▸ WORK INSTRUCTION
Copy the listing exactly; drop the pictures.

▸ SUPPLIED MATERIAL
******************************
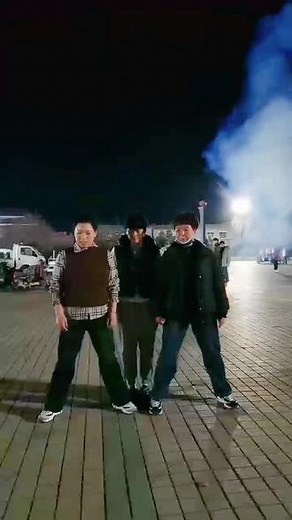 #三人组 黑黑胖胖的我😄你们还认得出来吗😂😂作品好不好不重要，最主要是玩的过程，笑的肚疼😂😂🤣🤣@抖音小助手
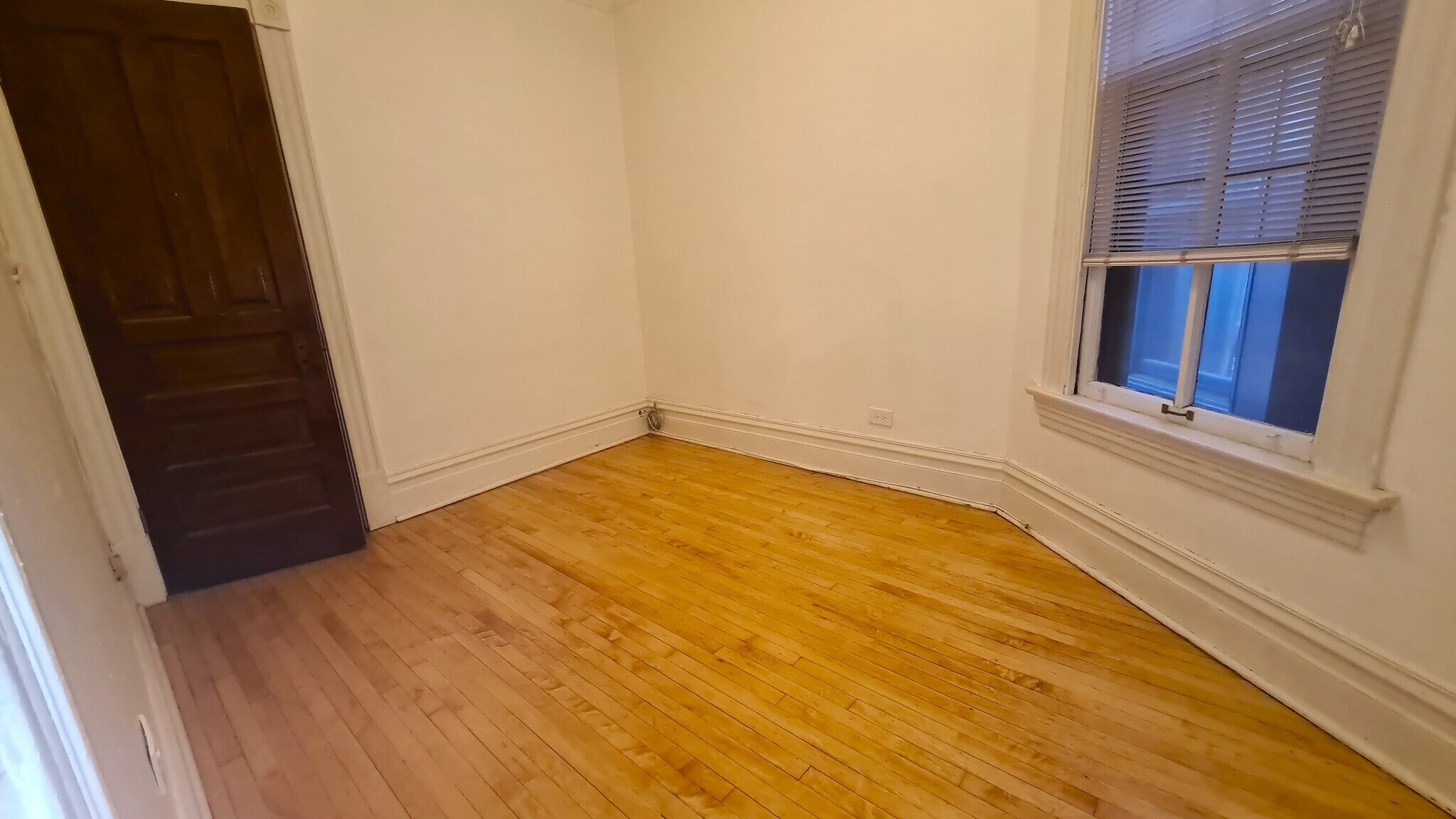 Building Photo - 833 W Newport Ave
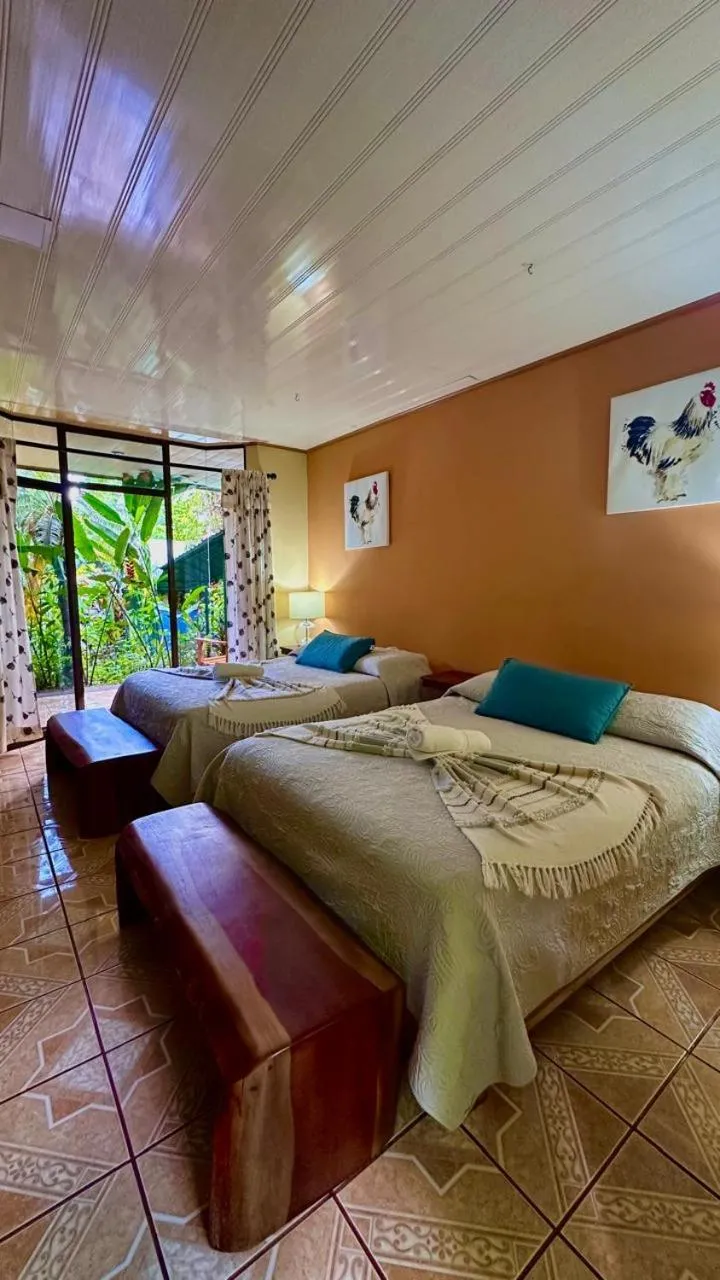 Bed in Ara Ambigua Lodge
******************************
▸ RESULT BELOW
 #三人组 黑黑胖胖的我😄你们还认得出来吗😂😂作品好不好不重要，最主要是玩的过程，笑的肚疼😂😂🤣🤣@抖音小助手
 Building Photo - 833 W Newport Ave
 Bed in Ara Ambigua Lodge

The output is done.